Having dealt with the worst of that, it then becomes easier to take each gamer as a person rather than some kind of loopy asshole who just happens to be obsessed with our product.

although it might be a good idea to come up with a hand gesture that means "get to the point." so that game developers and game store owners can actually deal with folks who don't notice that their eyes are glazing over. For my part, I always try to keep the story short.

2) Treat your talent like crap

I'm going to tell you a true story:

Once upon a time there was a handsome prince. This prince liked nothing better than to write. This prince knew some fellows who owned game company. Being an enthusiastic sort he sent them some material to publish on their website-ezine. He also sat down and worked on a bit of a game supplement. It wasn't huge and he only worked on it occasionally but it grew until it had a bit of heft. Certain friends perused it and many read his column and it was thought by the prince that all was good.

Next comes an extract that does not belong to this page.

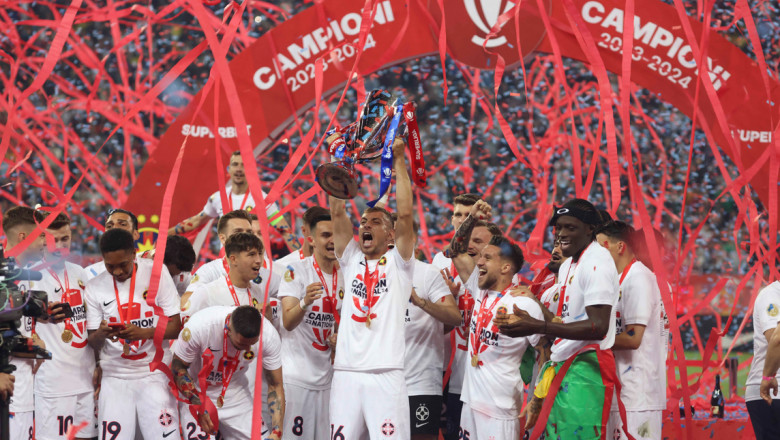 GALERIE FOTO. FCSB a primit trofeul de campioana a Romaniei, pe Arena Nationala, in fata a zeci de mii de spectatori Imagine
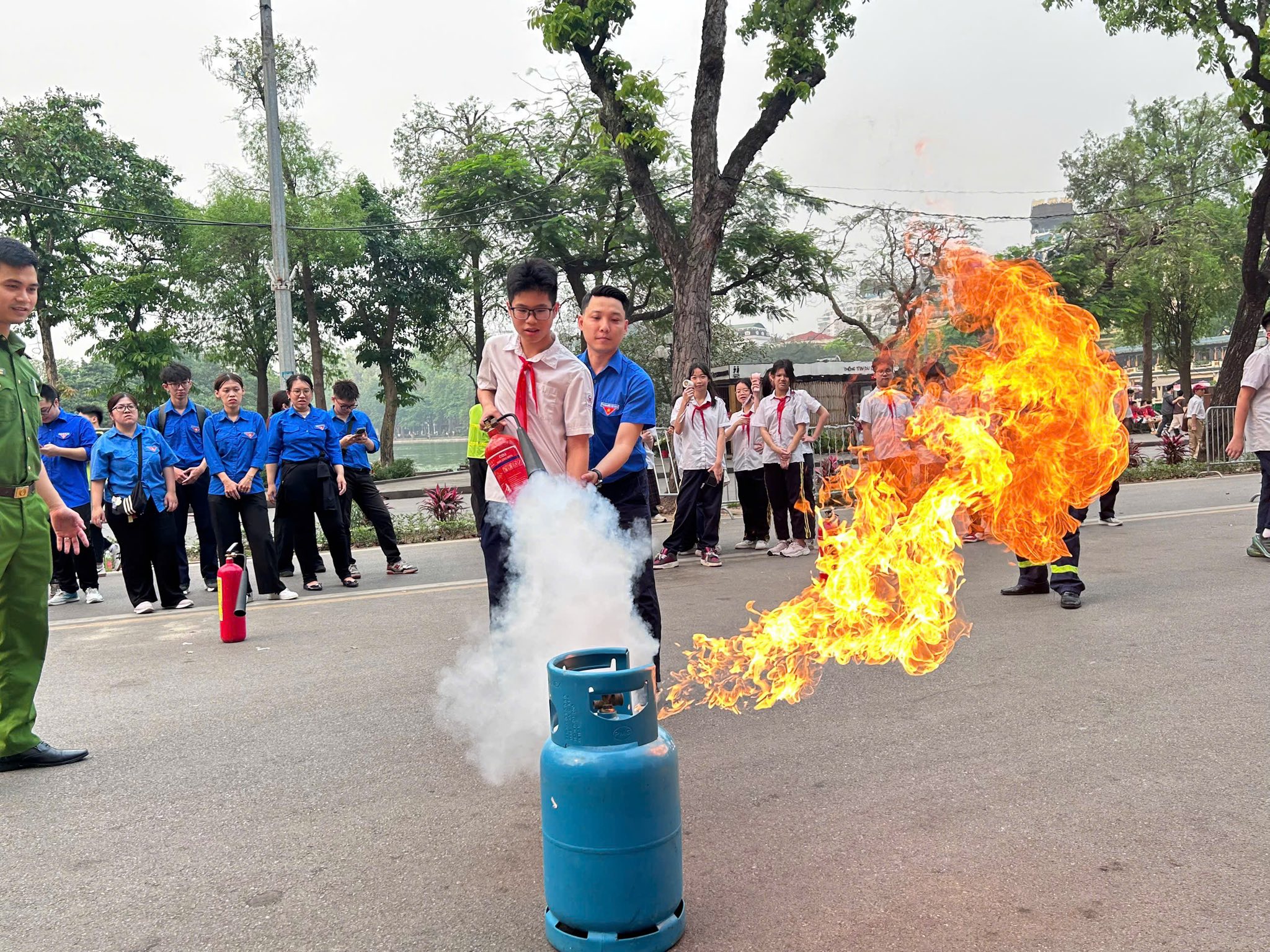 Tuyên truyền, trải nghiệm PCCC & CNCH cho đoàn viên, thanh thiếu nhi Phường Hoàn Kiếm- Ảnh 13.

The Company changed hands. The prince didn't think much of this and was fairly sure that it didn't mean anything to him. The Website was due to be re-launched and the company was to put out a Best Of issue of the E-zine. The prince worked diligently to create some new material for that issue and awaited it's release.

The Prince was shocked to discover that not only none of his material was chosen for the Best Of issue, but he was no longer listed as a regular columnist! Distraught and distressed he learned that in order to become a regular columnist again he would have to jump through a series of editorial hoops and produce 3 whole columns ahead of time. He was also told that he would have to clean up his editing (a true failing of his) and that he would have to submit proposals for each column. He was also told that anything that was used on the Zine would not be allowed on his own web page. (this turned out not to be true. I'd like to believe it wasn't a vicious lie)

It was at this time that the prince began to hear whisperings in the kingdom, that the Duke who was in charge of the Zine, didn't like his writing. This was certainly news to the prince especially since the Duke printed everything that he'd ever sent. In fact,issues of the old Zine contained mighty amounts of his writing and little of the writings of others.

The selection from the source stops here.